NETTLE J:   But what about the preceding sentence:

makes it impossible fairly to determine –

You have got a determination by the judge that it is not deductive of such unfairness that it is incapable of being fairly determined.

MR WALKER:   Of course, in our submission, that then leads to the way in which the Full Court deals with what I am going to call the actual or specific or demonstrated prejudice point which, we think, with respect, is at the heart of the matter that your Honour has raised with me.  We submit it is self‑evidently a matter of great public importance and for these reasons.  In relation to the immunity…..matters are plainly and correctly stated in paragraph 159 on page 207 with the sting in the tail in that last sentence:

Material that is subject to public interest immunity generally cannot be disclosed and the immunity cannot be waived by a party to proceedings.
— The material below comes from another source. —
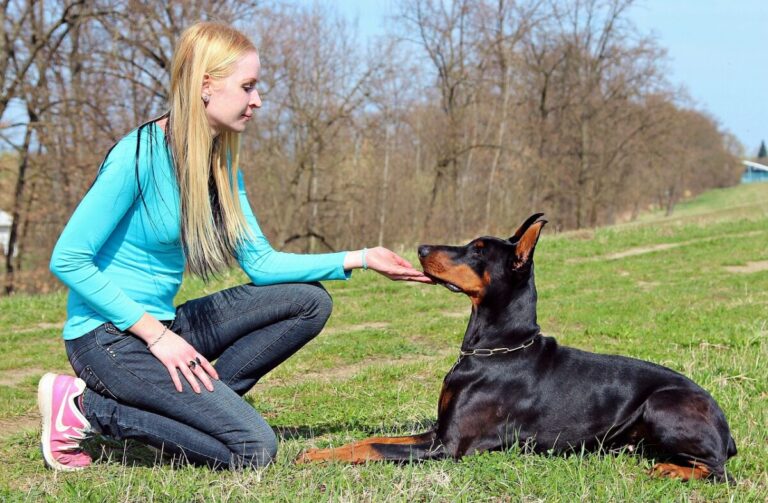 11 Dog Breeds Who Are Incredibly Obedient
So, at that point it is known that there cannot be knowledge on the part of, in this case the plaintiff, of the extent and nature of the material.  That leaves only two, if you like, forensic mentalities with access to it, the defendant, who not coincidentally is privy to the material ‑ this is not like a dispute between two parties, both of whom are denied PII material ‑ one party, indeed, is in effect the author of it.  It would be ‑ ‑ ‑

KEANE J:   Mr Walker, sorry to interrupt you, but you are really pointing out the nature of this conundrum that how does one solve it, and in this case at your clients ‑ I will not say “urging”, but certainly with your client’s consent, the trial judge cut the Gordian knot by looking at the material and concluded that it did not – it was not apt to advance your client’s case.

MR WALKER:   We do not know that all of the PII material was looked at by the judge and we can say that with some feeling in particular.  We do not know.  There are obviously – there are no disclosures or reasons which could give rise to that at all.
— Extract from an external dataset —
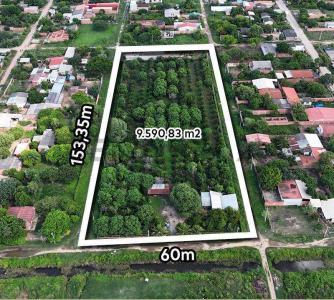 Sur, Santa Cruz 0000, Bolivia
NETTLE J:   But you must surely be taken to accept these findings about that?

MR WALKER:   Absolutely, and there is no qualification to that at all.

KEANE J:   Then, on appeal your client took the position of urging the court not to look at material.  So that what we are looking at is this very difficult conundrum.  The court pursued a particular method of solving it on your client’s urging and then the Full Court did not review the trial judge’s…..Once again, on your client’s urging.

MR WALKER:   I think that is, with respect, correct as to both stages.  May I concentrate on what happened in the Full Court?

KEANE J:   Sure.

MR WALKER:   At the top of page 208, quoting from Justice Peek’s reasons at the stage where the matter was, as it were, put over to the trial, you will notice that Justice Peek anticipates at the top of page 208 in paragraph 160 the following:

if the plaintiff were to suggest at trial that the defendant actually did have material in his possession that tends to lessen –

et cetera.  That is, of course, a circumstance which can never happen except by fortuitous perhaps deplorable accident, lack of security or care on the part of those responsible for making the claim, or is a reference to what can only be described as inspired guess work.  It might be guess work based upon experience of police investigation but that is all.

Now, that really provides an indication of the dilemma that courts are placed in here.  How can a plaintiff in such a case ever come without mere speculation of a kind that would be most unhelpful and perhaps extremely invidious in relation to the contents of an investigation file, ever come to make such a suggestion forensically responsibly.  Then you notice what his Honour’s suggestion is in that event, namely, you revisit PII.  Well, no, not in theory or on principle.  The balance has been struck by the finding of PII.  The public interest requires it not to be disclosed and that is made in the context of that other aspect of the public interest which is the open administration of justice and the availability of evidence et cetera, et cetera.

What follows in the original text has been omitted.